What the exercise asks:
In the listing below, find the line with "Za pola karnego" and copy every line from there up to and including the line with "Lot 68 - A Bakshaish", exactly and without pictures.

Records for the task:

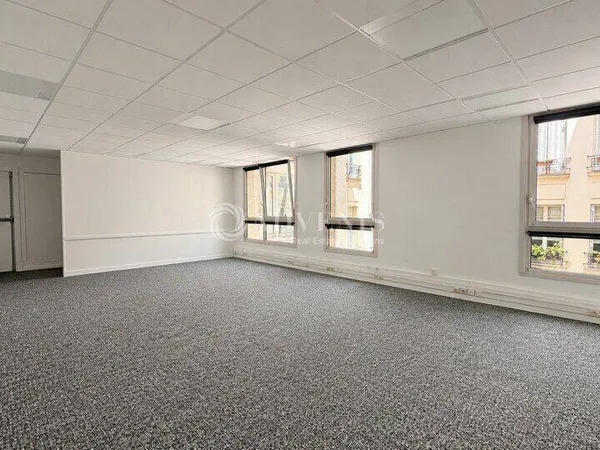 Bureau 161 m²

* * *

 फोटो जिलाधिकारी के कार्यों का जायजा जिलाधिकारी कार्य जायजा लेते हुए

* * *

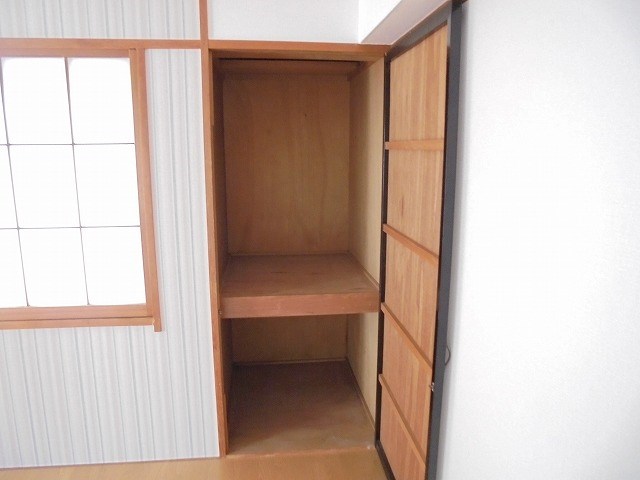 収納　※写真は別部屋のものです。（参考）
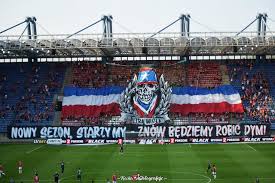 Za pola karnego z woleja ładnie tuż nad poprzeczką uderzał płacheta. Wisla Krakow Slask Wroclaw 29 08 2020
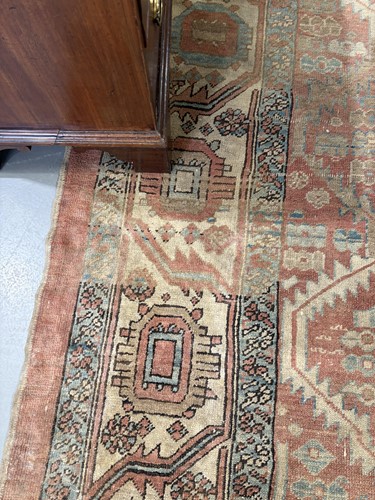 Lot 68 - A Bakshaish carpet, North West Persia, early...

Solution for this exercise:
 Za pola karnego z woleja ładnie tuż nad poprzeczką uderzał płacheta. Wisla Krakow Slask Wroclaw 29 08 2020
 Lot 68 - A Bakshaish carpet, North West Persia, early...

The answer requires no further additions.